TASK INSTRUCTIONS ::
I need an exact copy of the lines from the one containing "BT-ACC BT-ASP610 Power" through the end of the records, without any pictures.

DATA EXTRACT ::
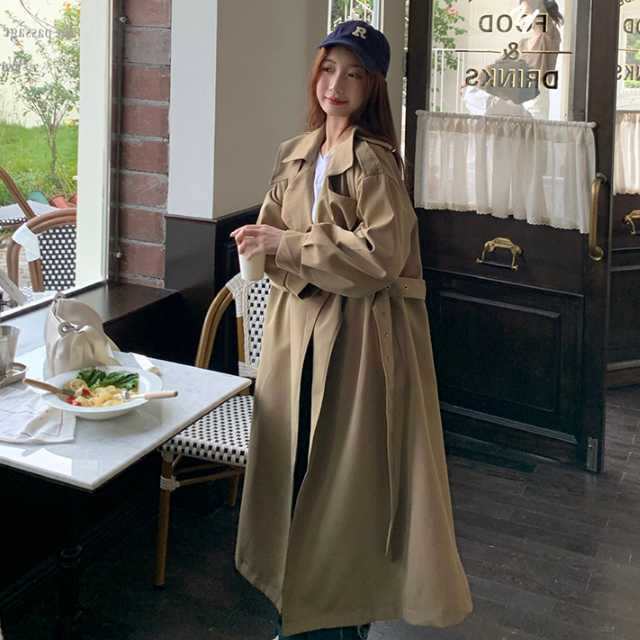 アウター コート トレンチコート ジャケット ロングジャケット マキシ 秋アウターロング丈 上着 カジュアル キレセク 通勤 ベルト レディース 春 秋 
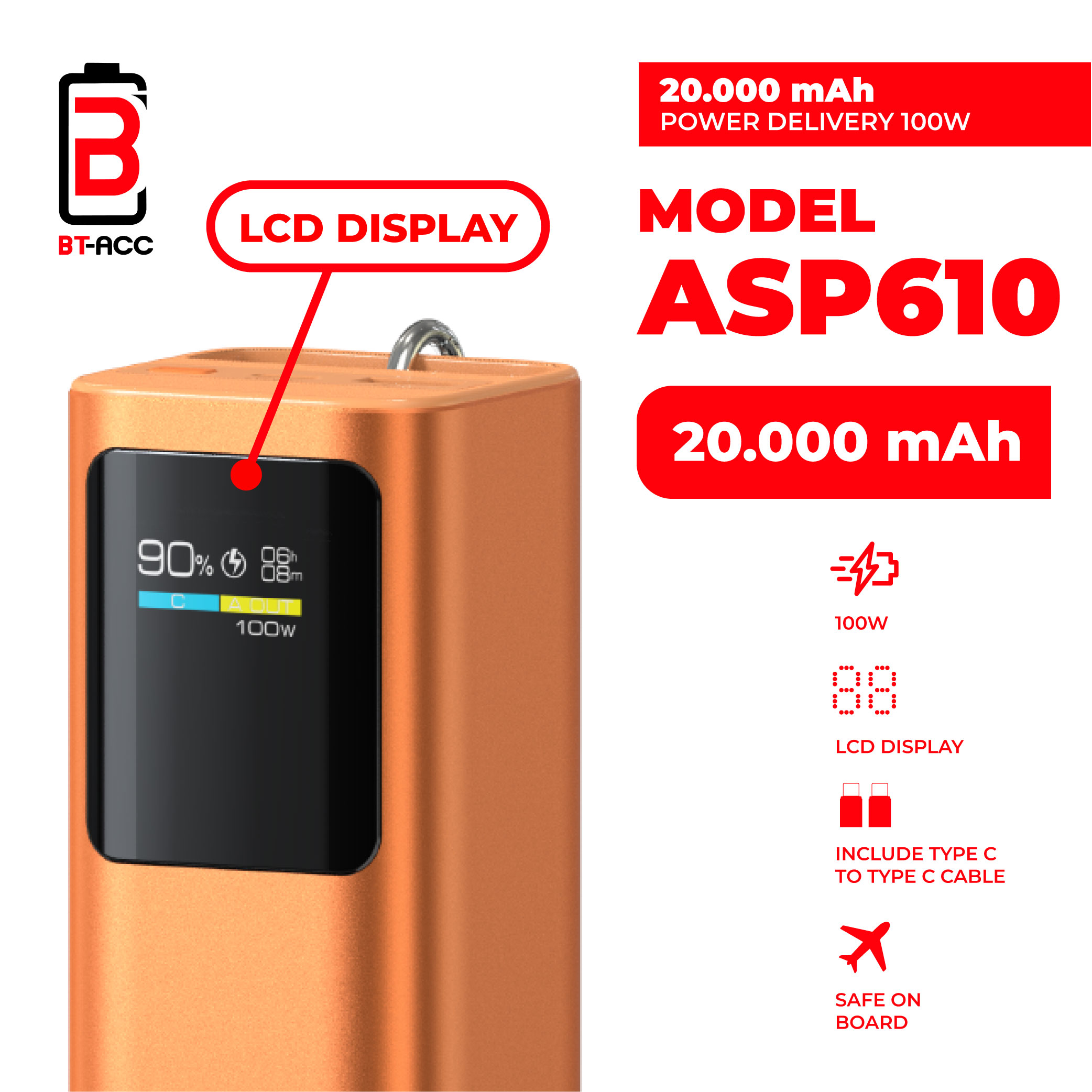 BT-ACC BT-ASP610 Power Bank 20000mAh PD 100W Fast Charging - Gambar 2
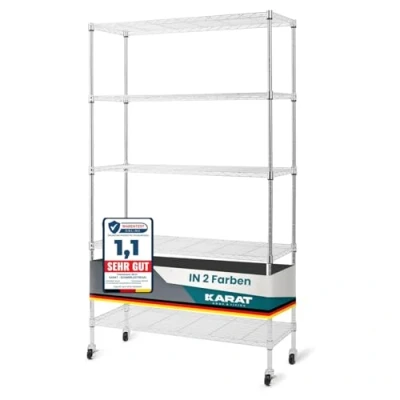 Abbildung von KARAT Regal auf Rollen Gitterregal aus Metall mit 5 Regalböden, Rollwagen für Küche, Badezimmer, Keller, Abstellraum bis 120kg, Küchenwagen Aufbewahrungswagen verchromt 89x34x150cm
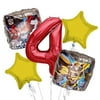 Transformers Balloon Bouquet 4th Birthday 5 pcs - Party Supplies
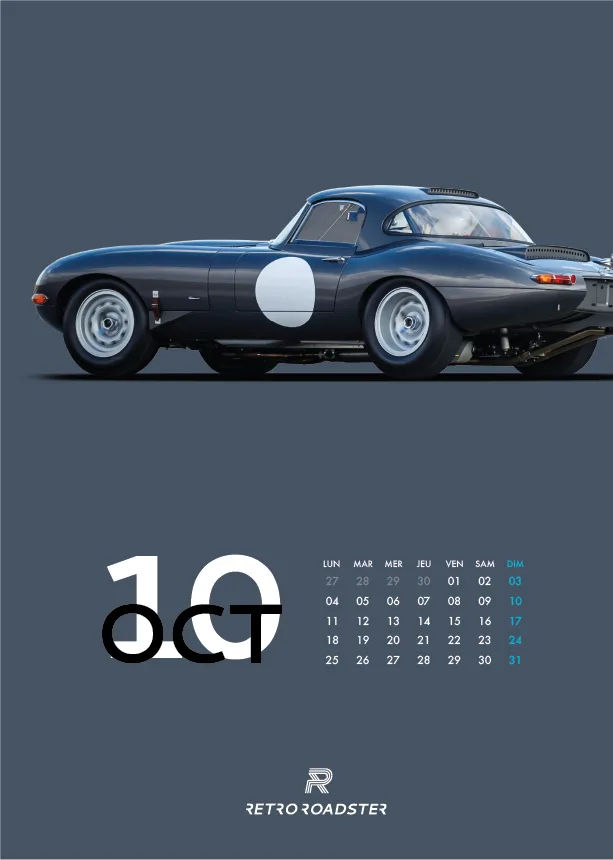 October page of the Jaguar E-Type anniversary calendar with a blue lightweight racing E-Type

RESPONSE TO THIS TASK ::
 BT-ACC BT-ASP610 Power Bank 20000mAh PD 100W Fast Charging - Gambar 2
 Abbildung von KARAT Regal auf Rollen Gitterregal aus Metall mit 5 Regalböden, Rollwagen für Küche, Badezimmer, Keller, Abstellraum bis 120kg, Küchenwagen Aufbewahrungswagen verchromt 89x34x150cm
 Transformers Balloon Bouquet 4th Birthday 5 pcs - Party Supplies
 October page of the Jaguar E-Type anniversary calendar with a blue lightweight racing E-Type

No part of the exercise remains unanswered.